Friday, February 16, 2007

jellyfish

last december, my old boyfriend and i went to chicago to see better than ezra at the house of blues. it was a good time, even though on the way there, i started to get sick as hell, and it only got worse. we stayed at a beautiful bed and breakfast in wicker park, and fell in love with the city.

we planned to leave sunday night, and our last stop sunday was the famous shedd aquarium. it was beautiful, but one single thing stuck in my mind.

the jellyfish.

they were in a tank on the end, and they were the most beautiful things i had ever seen. their transparency; the way they moved; the way they were colorful, yet colorless; the strange and eerie shape of their bodies suspended in water; their different sizes, some huge, some no larger than the head of a pin...i was transfixed, literally frozen, and i had to be pulled away to other people could finally enjoy the jellyfish.

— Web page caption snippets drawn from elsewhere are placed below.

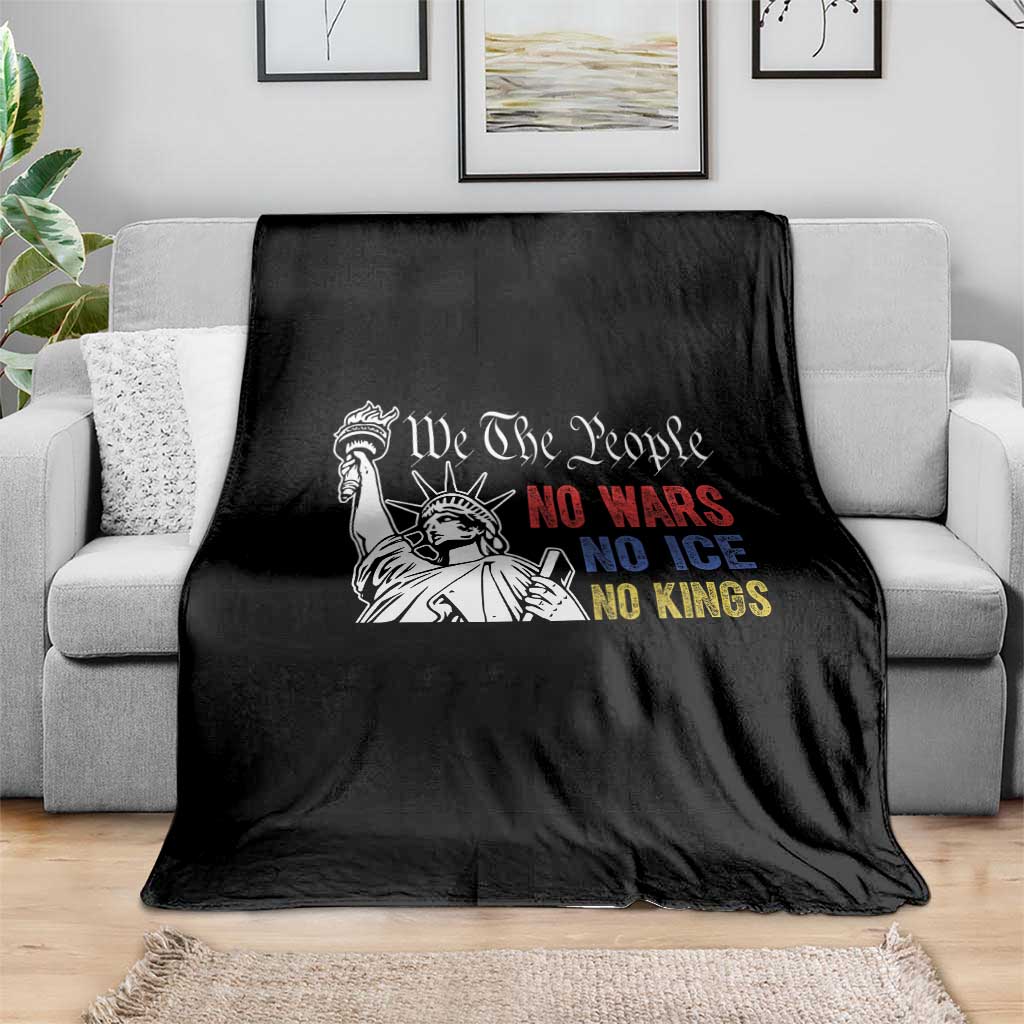 No Kings No ICE No Wars Throw Blanket Statue of Liberty We The People Freedom TS14 Print Your Wear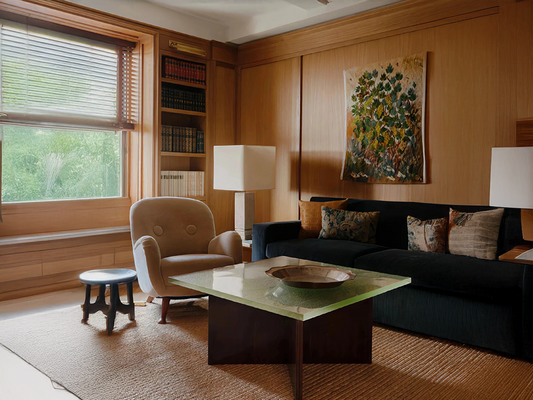 Timeless Texture: Velvet Sofas and Wood Paneling in Balance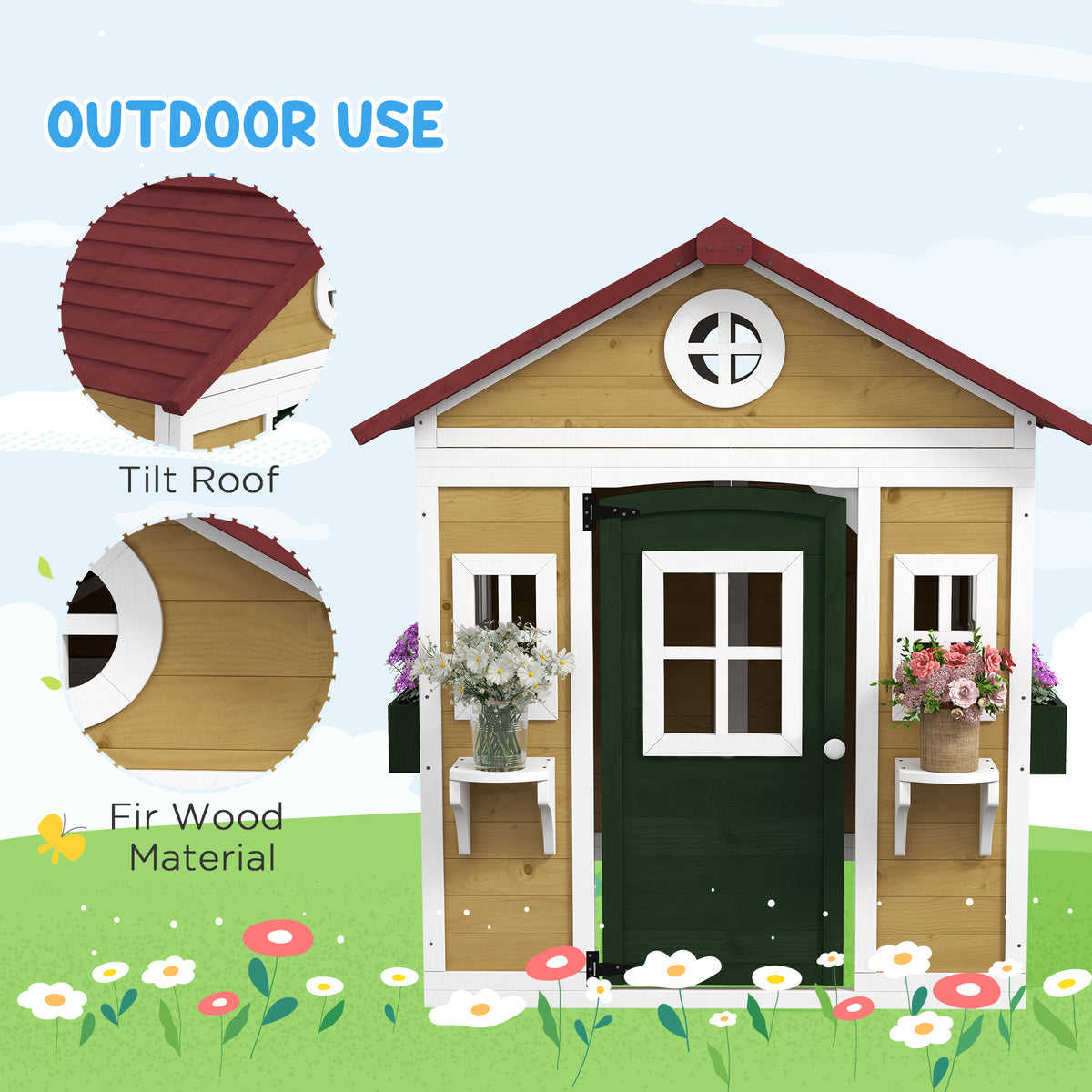 Wooden Playhouse for Kids Outdoor with Doors, Windows, Planter Pots and Boxes for Toddlers 3-8 Years, Beige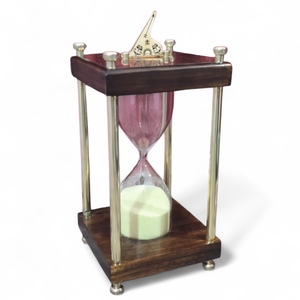 Sablier en laiton massif fait à la main Verre à haute teneur en borosilicate-Cadran solaire vintage au design moderne pour cadeaux nautiques de bureau à domicile - Product Image 4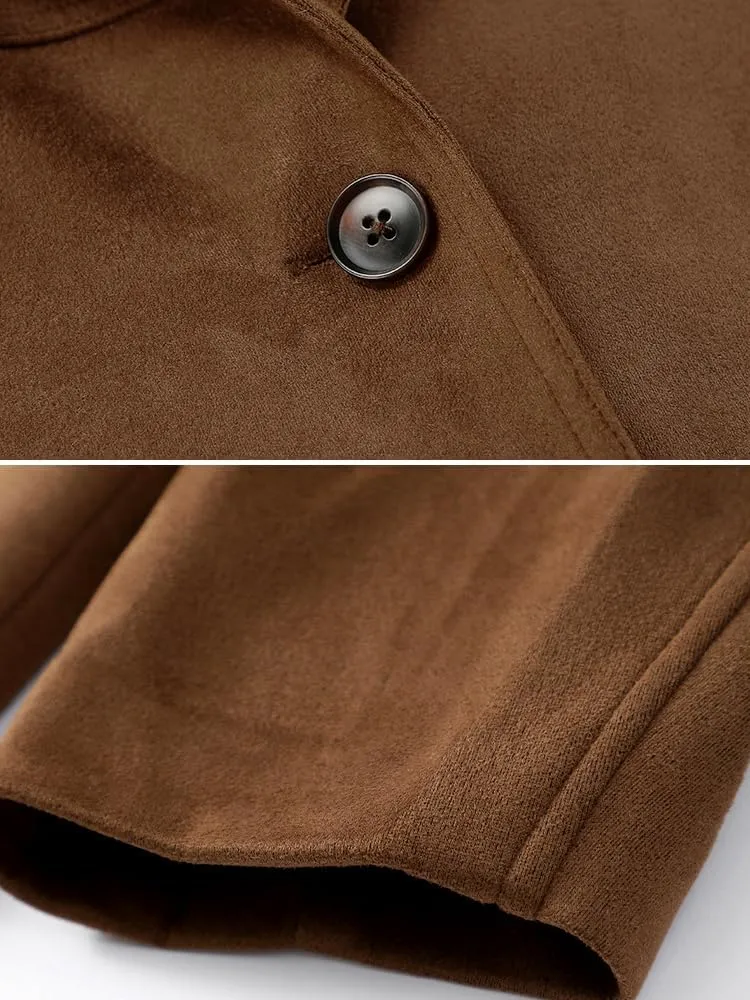 Kinghua Womens Oversized Suede Jacket Casual Winter Fall Outfits Coats Faux Leather Blazer Jackets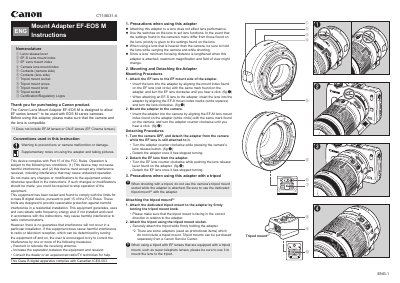 Canon EF-EOS M Lens Mount Adapter User Manual - cover page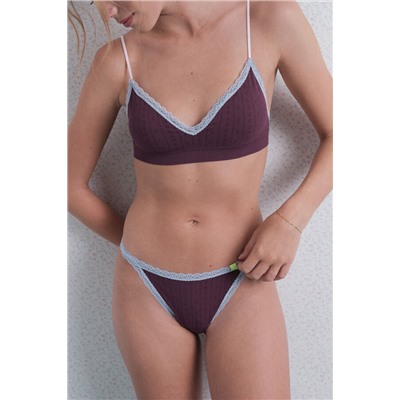 Tanga seamless pointelle vino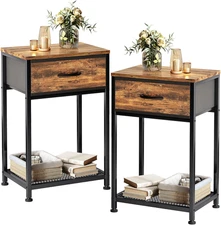 Night Stands Set of 2,End Tables with Drawer for Bedroom Bed Side Table for Home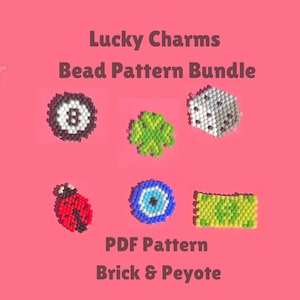 May include: A set of six bead patterns for lucky charms, including a four-leaf clover, a dice, a ladybug, an evil eye, a money bill, and a pool ball. The patterns are for brick stitch and peyote stitch beading. PDF Pattern Brick & Peyote.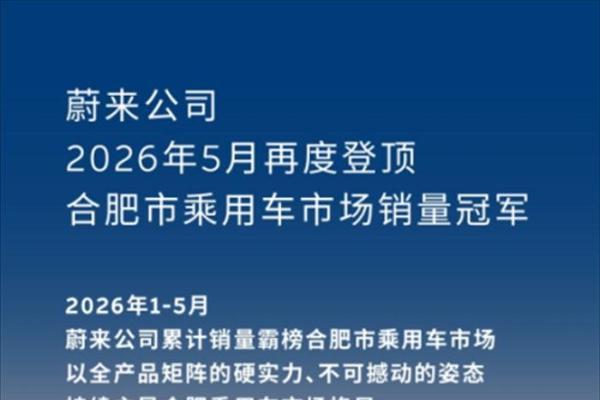蔚来公司销量再度强势登顶合肥市乘用车市场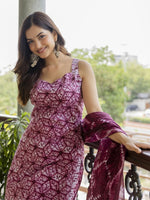 Thumbnail for Anouk Geometric Printed Regular Pure Cotton Straight Kurta With Trousers & With Dupatta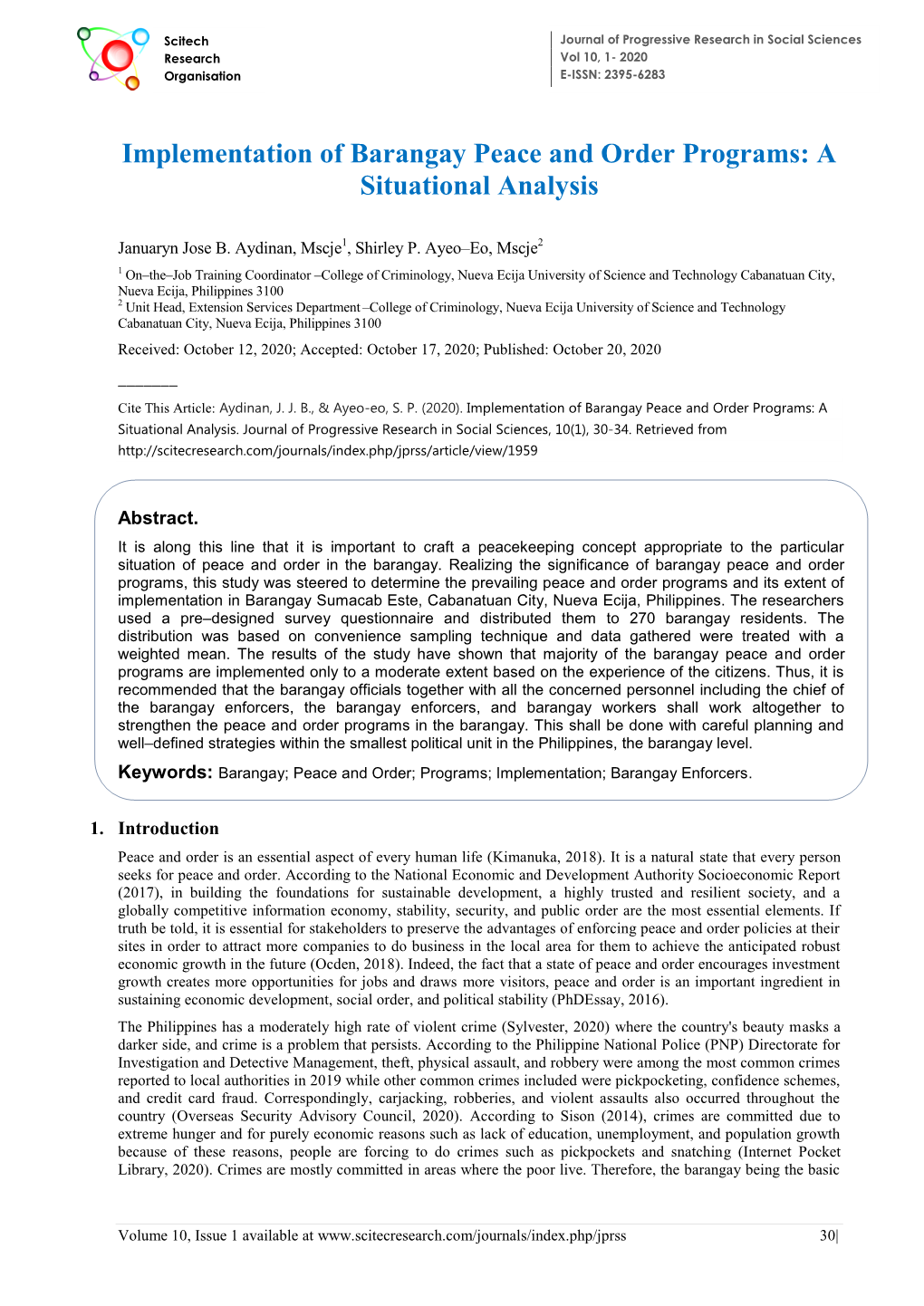 Implementation of Barangay Peace and Order Programs: a Situational Analysis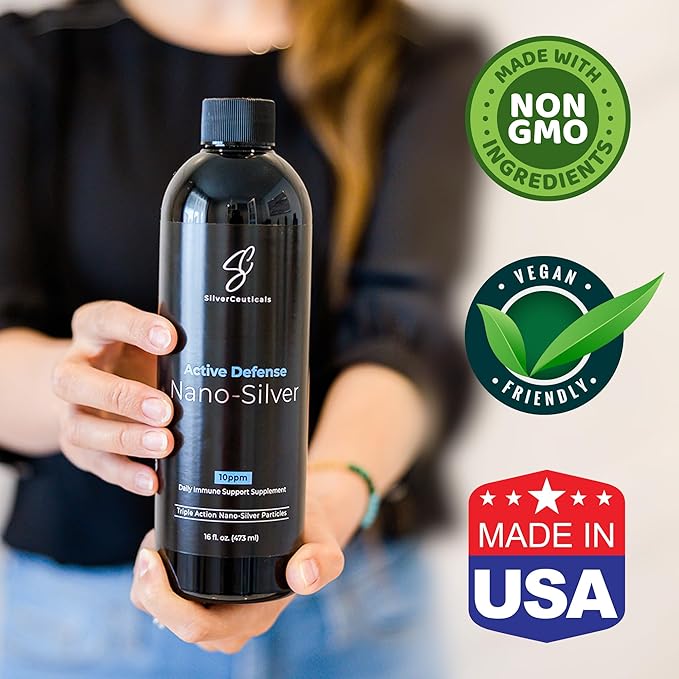 Colloidal Silver w/Nano Technology - 10ppm 8oz - 8X More Effective - Natural Immune Support - Save The Sick Days - Ages 5 & Up - Outperforms Higher PPM Silvers - No Taste & Smell - 3rd Party Tested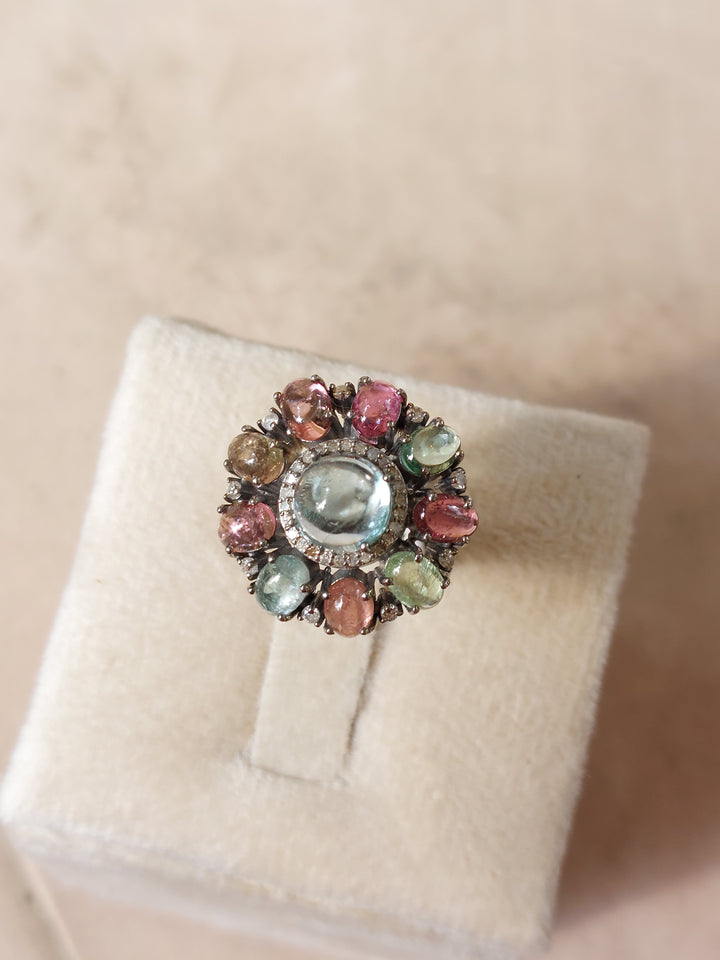 Tourmaline aquamarine diamond halo ring product photo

i walked away amazed, and said, "you know, they are only so beautiful in that water. they are in their element. if you walked on the beach and saw a jellyfish on the sand, you'd gag. it would be one of the ugliest things you ever saw."

i tried and tried to get him to understand exactly how important this was, what exactly it meant, but in the medication and sickness brain fog, i was weak and tired, and figured i could just wait and explain it later.

later never really came.

last night, i couldn't sleep because of those jellyfish. they haunted me.

last night, i was a jellyfish. maybe i have changed a little, but lauren snapped a photo of me, and i was so surprised that i didn't look anything like i thought i would.

last november, there was an entire night's worth of photos taken of me that can only be described as "jellyfish on the beach."

this is starting to sound superficial, and that isn't the point. i need to wrap it up.

i wish more than anything that i could have felt so happy before. i really do. i don't know why i didn't, or what was different, or why i wasn't "in my element," or why i felt like that jellyfish on the beach. i just did. it still upsets me, and it will for a long time. and i'm sorry.

2 comments:

Anonymous said...

I love how you describe the jellyfishes, puts a great picture in my brain.

Anonymous said...

I've never dreamt about jellyfish but one time I had a dream that I was walking through a classroom building when I caught a glimpse of a friend I hadn't talked to in a while in one of the classrooms. I decided to text message her to say hi and then went on my way. About an hour later (still in the dream) she called me and yelled at me because the text message I left made her cell phone ring in the middle of a test she was taking in her class, which was very surprising news to me and I felt sorry for embarrssing her.
(end dream)

Now, i tried to explain to several people why this dream is so amazing to me, and they really didn't seem to understand. It is amazing because when I decided to leave the text message I figured that she would either have her phone turned off or on vibrate. If I would have thought that her phone would ring i wouldn't have texted her right then. However, her phone was not on vibrate, it actually rang out loud in the classroom, which wouldn't be anything amazing had this whole scenario played out in real life, but the fact that it was created in my head makes it very interesting to me. At the same time I'm assuming the phone is on vibrate I'm also creating the scenario to turn out that it isn't on vibrate, and on top of that I'm SURPRISED by it!!. How can you be surprised by a story you're making up!!!??! Dreams are pretty crazy, and can be very intricate, it is pretty cool.

I'll probably dream about jellyfish tonight. Awesome story!